San Francisco’s Tax-Day protest made for odd tea fellows. There was the patrician Joan Leone, president of the “Nob Hill Republican Womens Club, Federated” standing next to a guy with a hand-lettered sign (typeface, Unibomber) who sought to repeal the 14th amendment to spite illegal immigrants and their “anchor babies.”
Across the way stood Barnaby Conrad III — author of a noted book about Martinis — himself implausibly decked out in a tweed sports jacket and a coonskin cap, holding aloft a sign with a hand-painted revolver reading “Reload for the Revolution.”
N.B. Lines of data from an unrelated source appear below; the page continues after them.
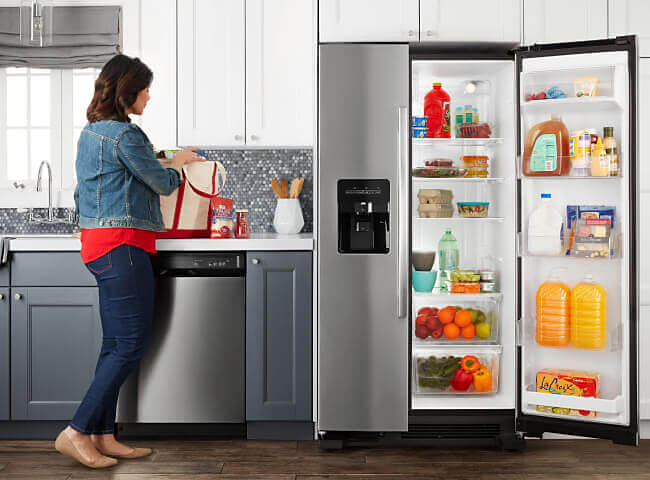 Amana® side-by-side refrigerator with door open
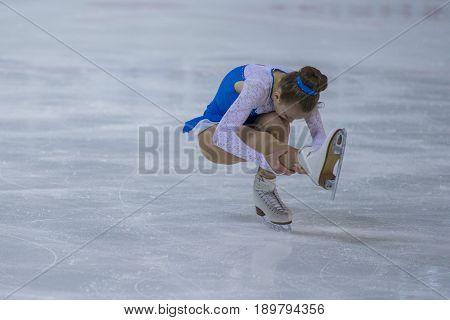 Minsk Belarus -April 23 2017: Unidentified Female Figure Skater performs Chicks Ladies Free Skating Program at Minsk Arena Cup 2017 International Figure Skating Competition in April 23 2017 in Minsk Belarus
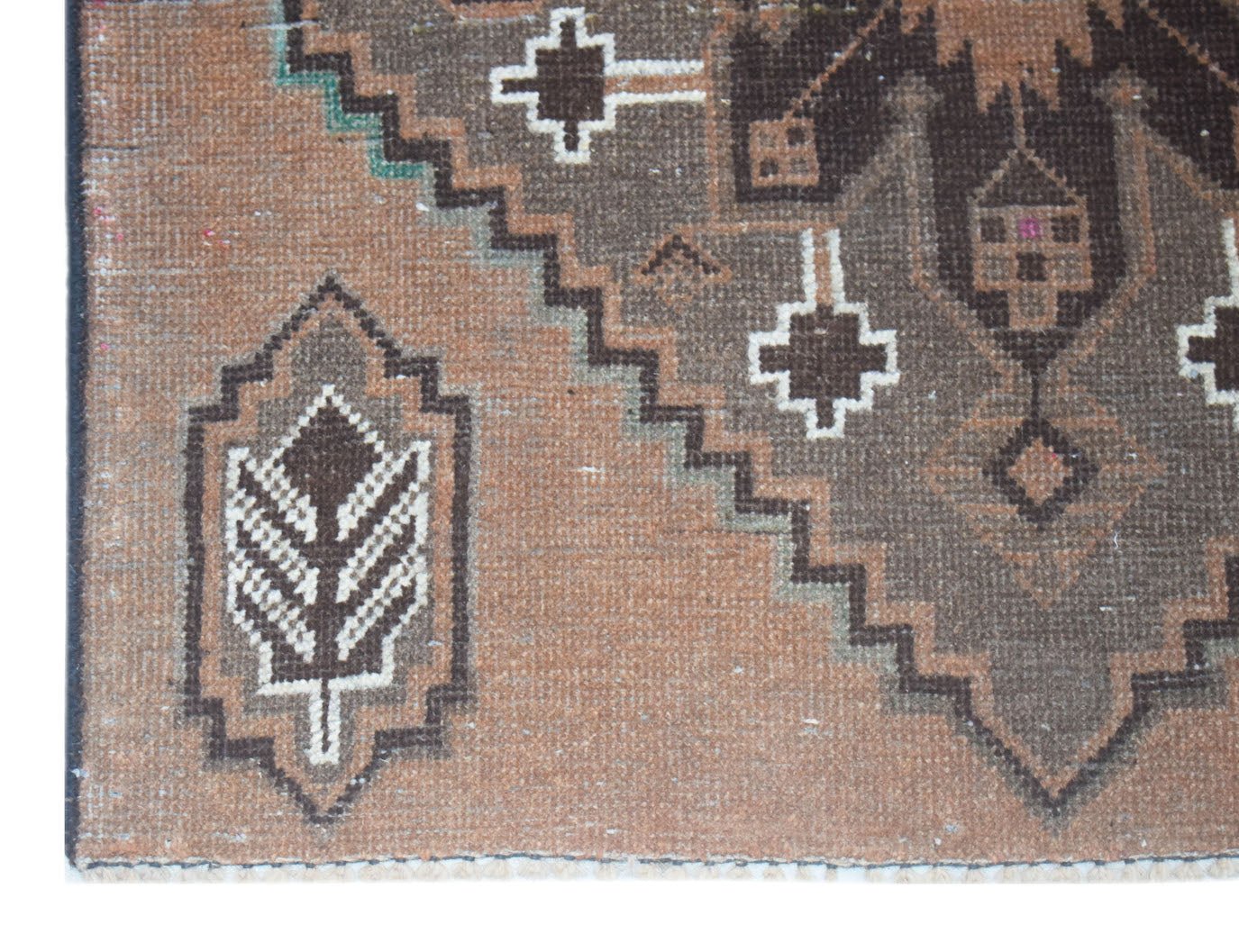 A handmade Afghan Baluch rug featuring geometric patterns in brown and cream wool.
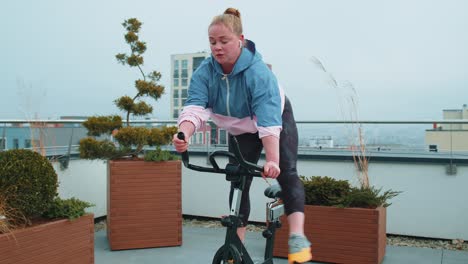 Healthy-Caucasian-woman-exercising-workout-on-stationary-cycling-machine-bike-on-house-rooftop-gym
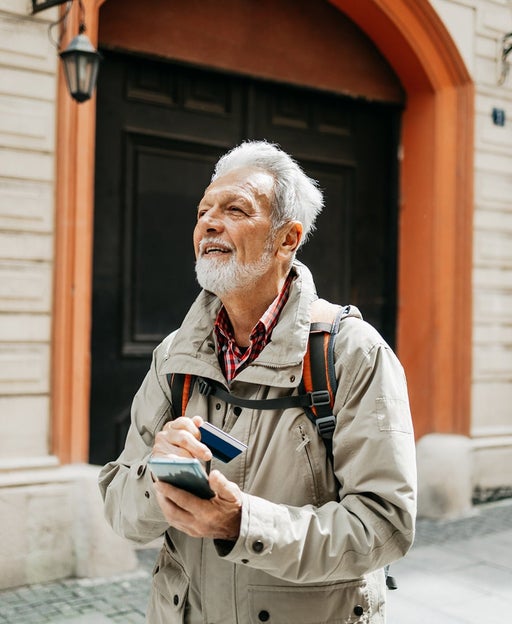 Man holding card while traveling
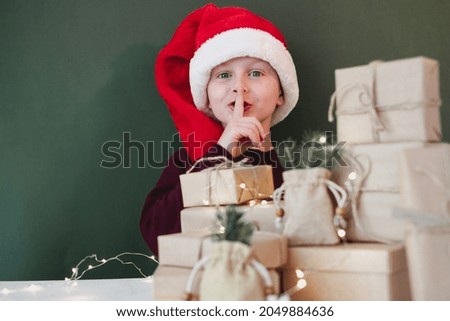 Child's showing finger points quietlyon the background of Christmas gifts. Plastic free sustainable lifestyle. High quality photo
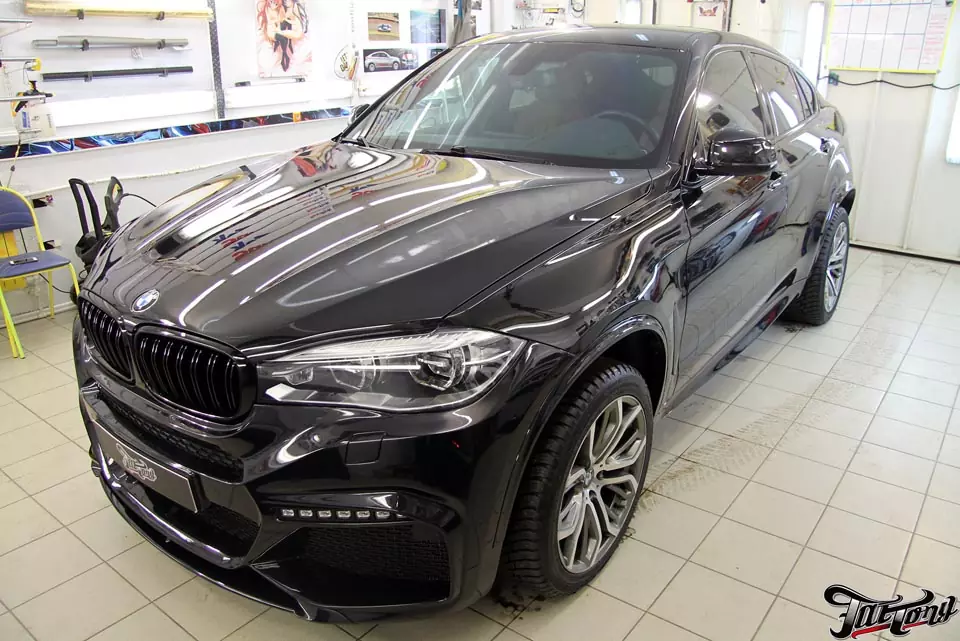 BMW X6. Антигравийная защита обвеса полиуретаном Suntek PPF.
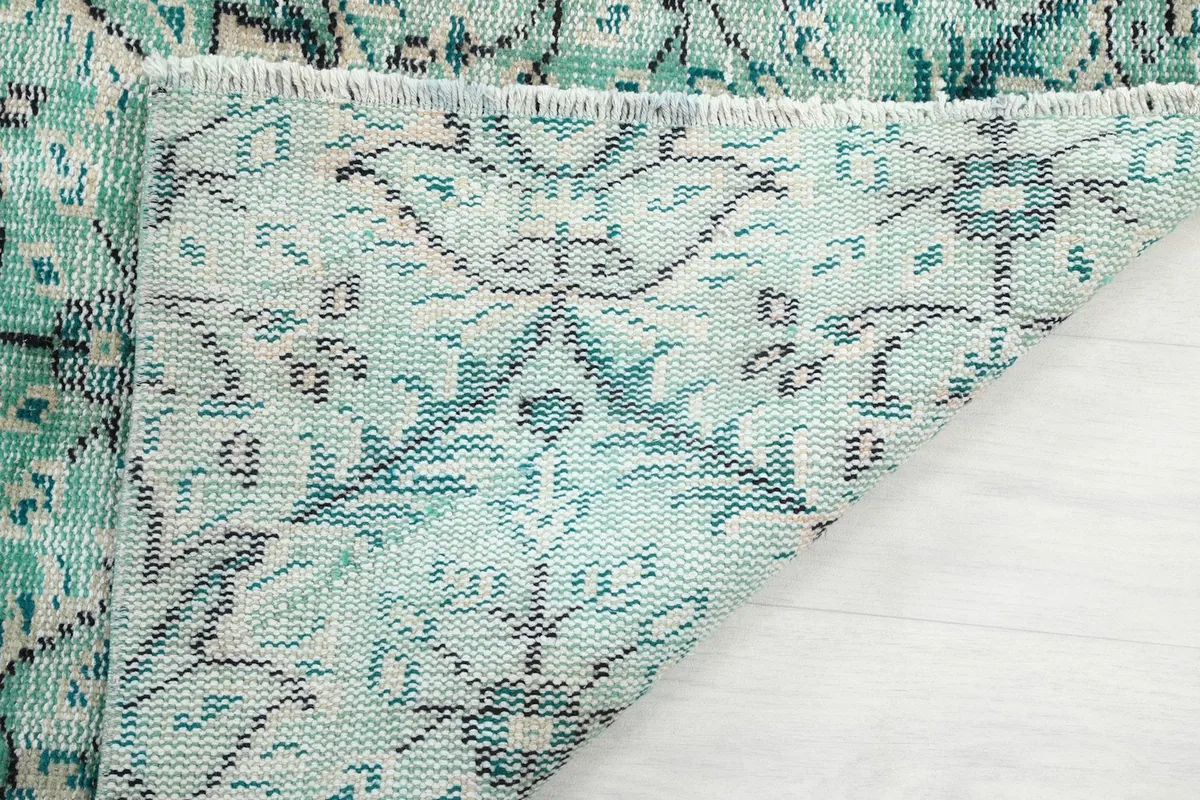 Detailed view of the rug's cotton foundation and reverse side of the knotting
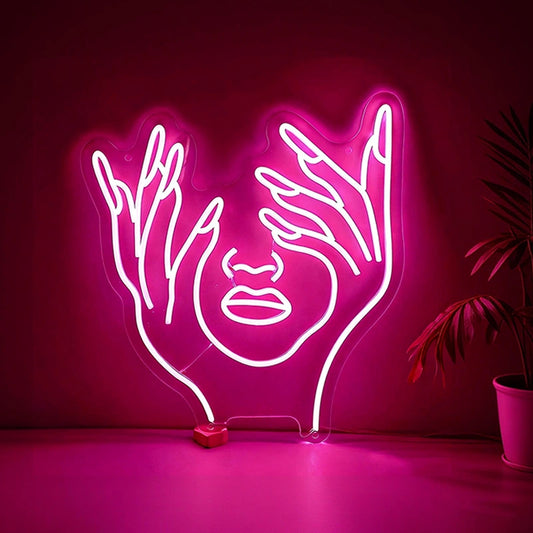 Neon hot pink light of hands holding a face on a dark background.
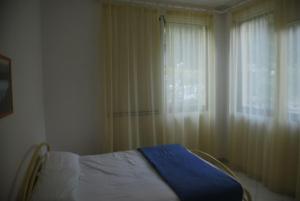 een slaapkamer met een bed en een raam met gordijnen bij Bright flat in Rosolina with shared pool in Rosolina Mare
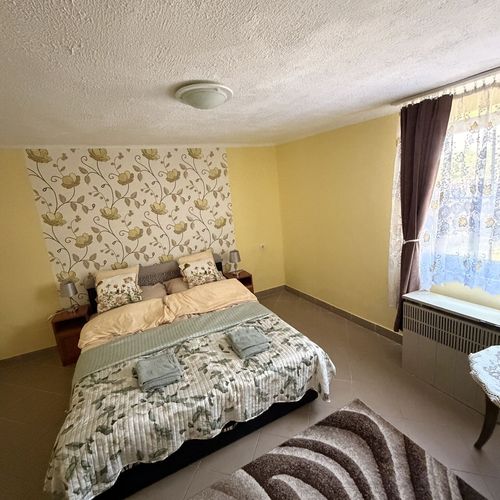 Apartament întreaga unitate cu vedere spre grădină cu 1 camera pentru 2 pers.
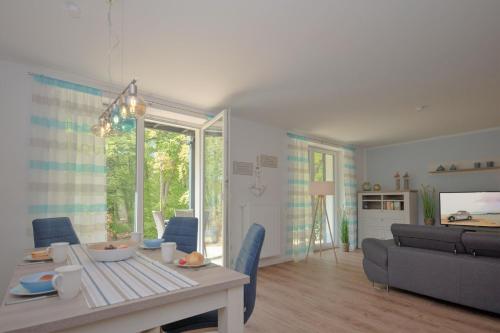 a living room with a table and a couch at Haus Waldidyll, Küstenflair - Bade- & Saunawelt täglich inklusive in Ostseebad Sellin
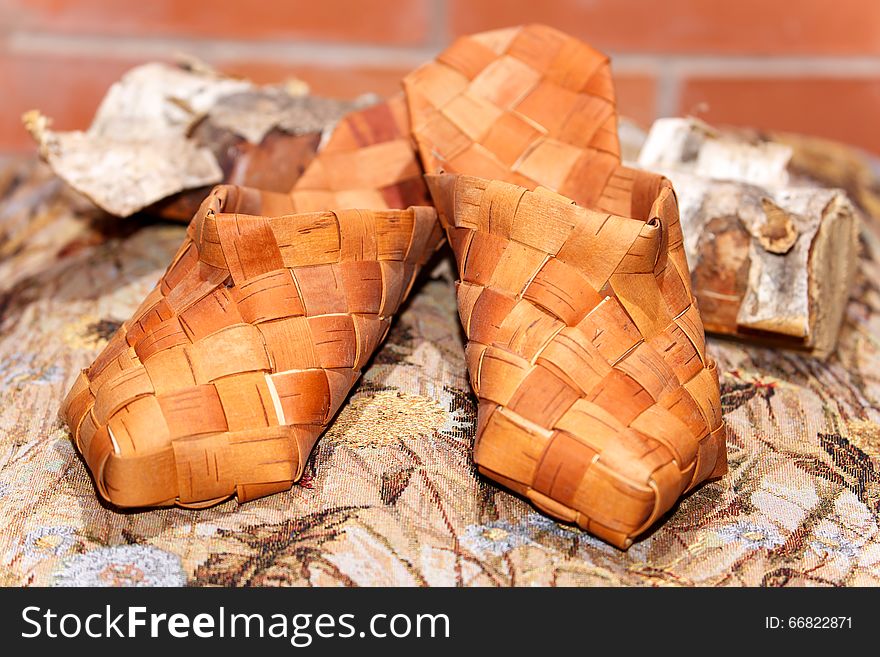 Pair of Russian bast shoes on birch log indoors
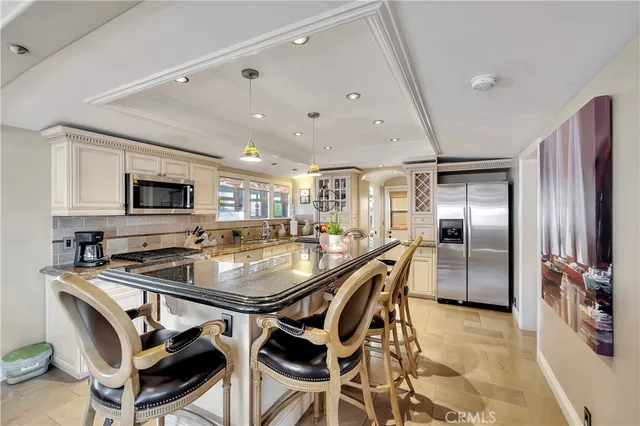 a view of a dining area with furniture and window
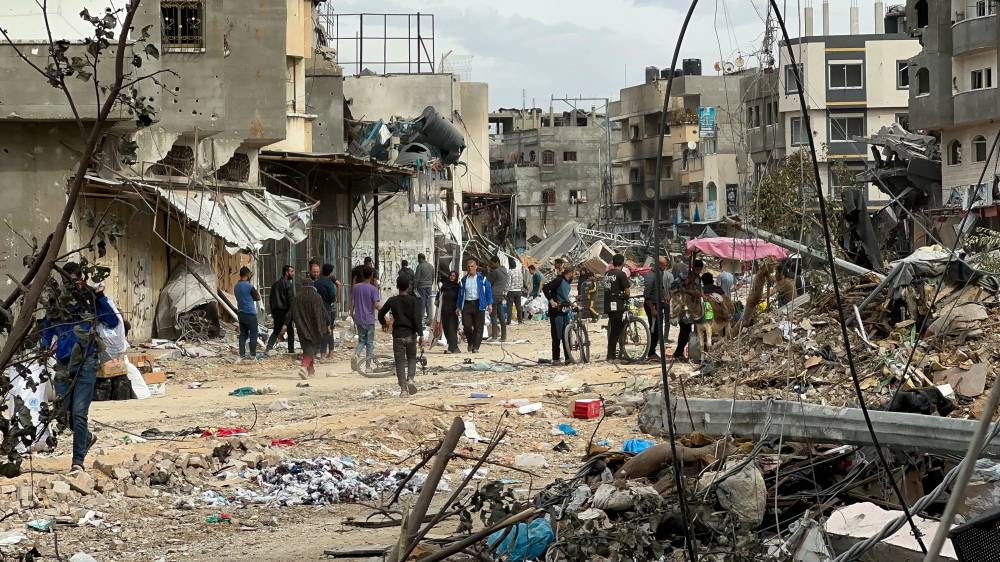 فلسطينيون يسيرون أمام منازل تضررت من الضربات الإسرائيلية خلال الصراع
(رويترز)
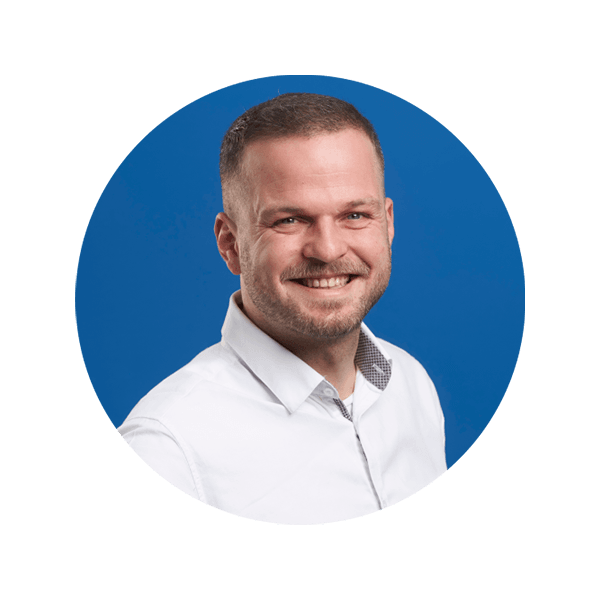 Ein lächelnder Mann in einem weißen Hemd vor einem blauen grafischen Hintergrund.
The specter of armed rebellion was hard to take seriously. I met landlords and lawyers, corporate real estate types and a guy in high finance wearing a beige “Welcome Back Carter” T-Shirt over his white starched, button-down shirt and tie. Well-heeled retirees from the city’s tonier heights abounded — with their bejeweled flag pins and sportswear from from the St. Francis Yacht Club. The few babies at the rally seemed cozied against the wind in their $700 bugaboo strollers. (Joan Walsh of Salon.com Twittered anonymously from the sidelines.)
The libertarians were in full effect, with one pretty Polish immigrant wearing a Ron Paul hat struggling to march with a giant poster of a Soviet Flag adorned with the letters “USSA.” As were the Bay Area Minutemen, amply embodied by a bearded, angry white Vietnam Vet waving a Don’t-Tread-on-Me flag. And then there were the Ayn Rand acolytes who inveighed against the evils of altruism and the joys of “Going Galt.”
So here, at last, were the objectivists. But what was the objective?
A tax day protest of a president who has given 95 percent of working American families a tax cut. [Insert interrobang here.]
Facts didn’t seem to matter. Folks I asked about Obama’s tax cuts simply denied they were real. They bemoaned the impending socialist takeover of our health system. The fascist banking system. The “Spread the Poverty” ethos of Obamanomics. The most reasonable man I met — an avuncular figure in a straw hat and an LL Bean shirt — said he’d simply rather America “take its lumps now” than attempt to stimulate the economy with debts to be paid off by future generations.
Reasonable enough.
But such reasonable sentiments didn’t fit on today’s protests signs. Many of those that did were not even those of the grassroots activists, rather their astroturf organizers. A silver-haired socialite — decked out in a pink visor and her tennis warmups — was leaving early. She pointed to her hand-painted sign — “Overtaxation is Tyranny” on one side, “No Porkulus Bills” on the other — and asked, “Anyone want to hold this? You can turn it in at the end.”
What did she mean, “turn it in,” I asked. “It’s not yours?”
She pointed to the megaphone toting organizers on the stage with a shrug and said of her prop: “They furnished it.”